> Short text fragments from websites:
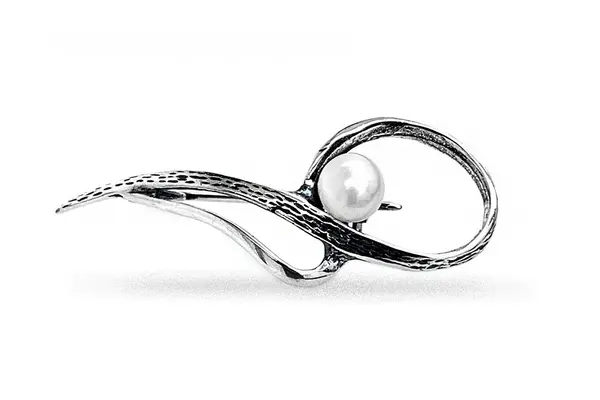 Brooch with Cultivated Pearl SA108500310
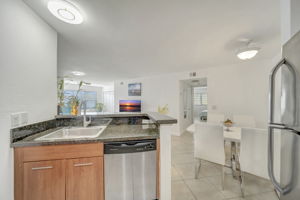 10207 Sunrise Lakes Blvd #204, Sunrise, FL 33322, US Photo 15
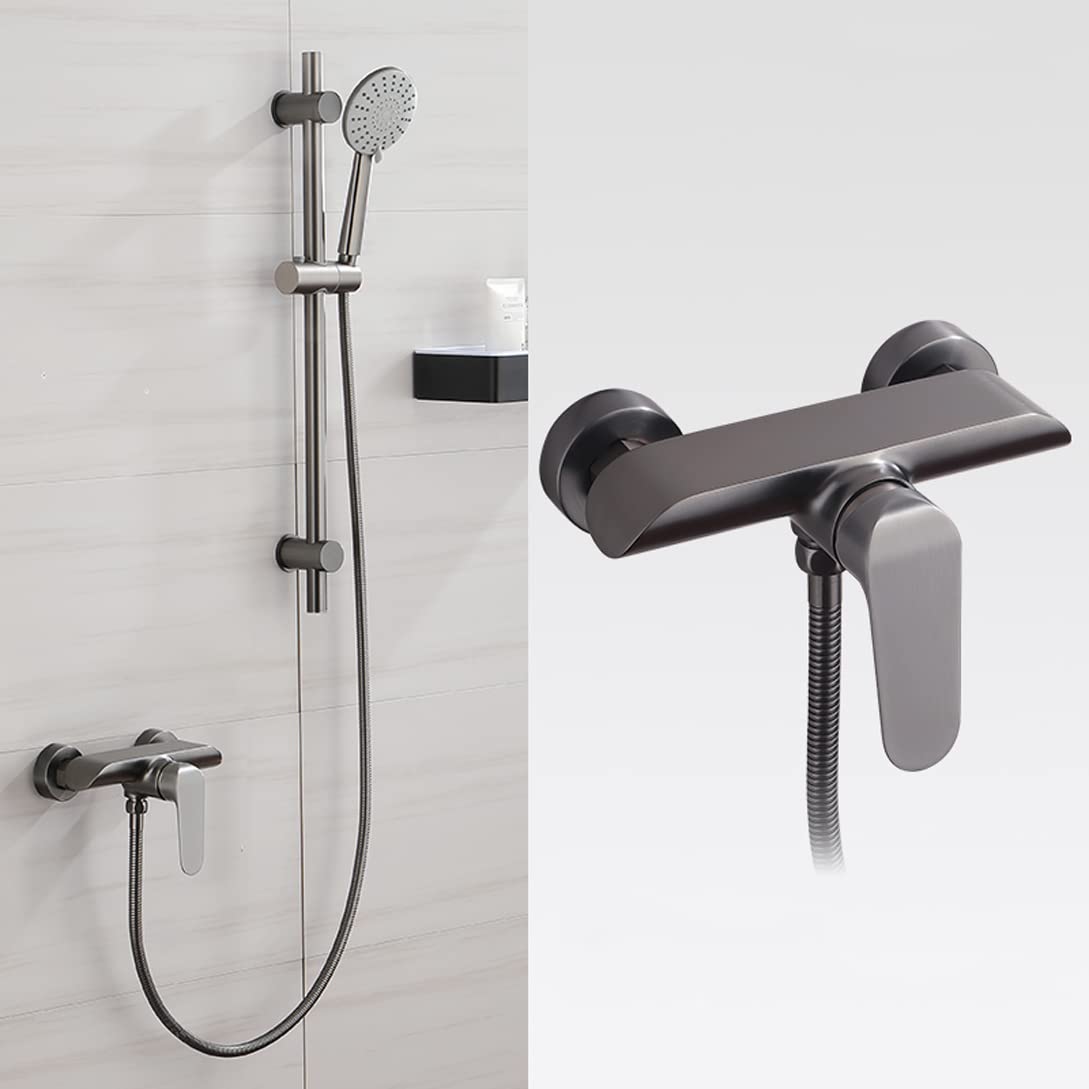 Robinetterie de baignoire murale pour une salle de bain familiale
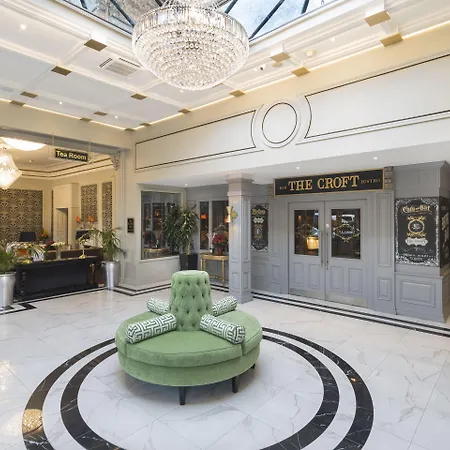 Bonnington & Leisure Centre Hotel 4*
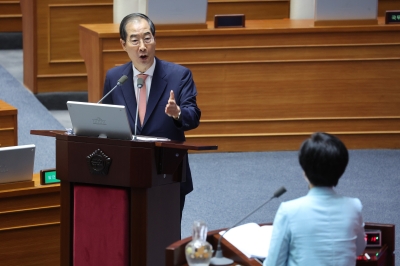 野 “의료 공백에 국민 죽어간다”… 韓총리 “가짜뉴스” 고함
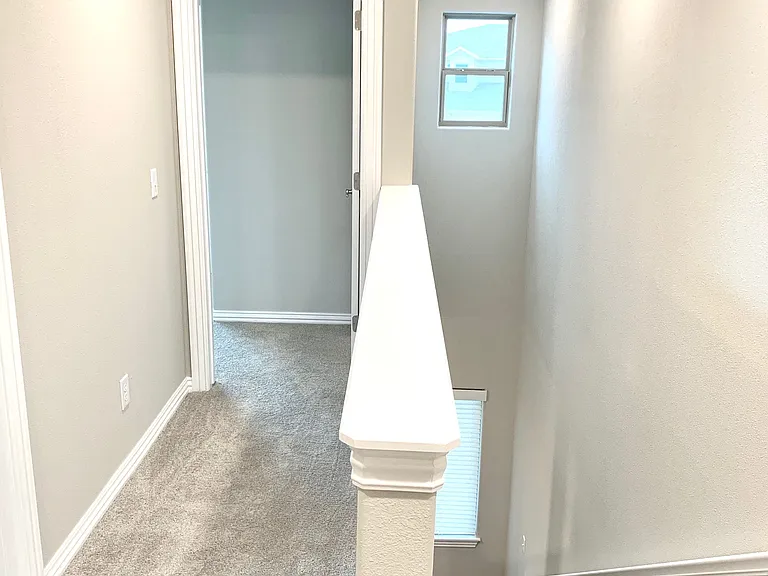 C1 (2-car) Stairs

> Try it: With pictures left out, transcribe each line from the one containing "Robinetterie de baignoire" through the end of the data, both ends included.

> Exercise output:
 Robinetterie de baignoire murale pour une salle de bain familiale
 Bonnington & Leisure Centre Hotel 4*
 野 “의료 공백에 국민 죽어간다”… 韓총리 “가짜뉴스” 고함
 C1 (2-car) Stairs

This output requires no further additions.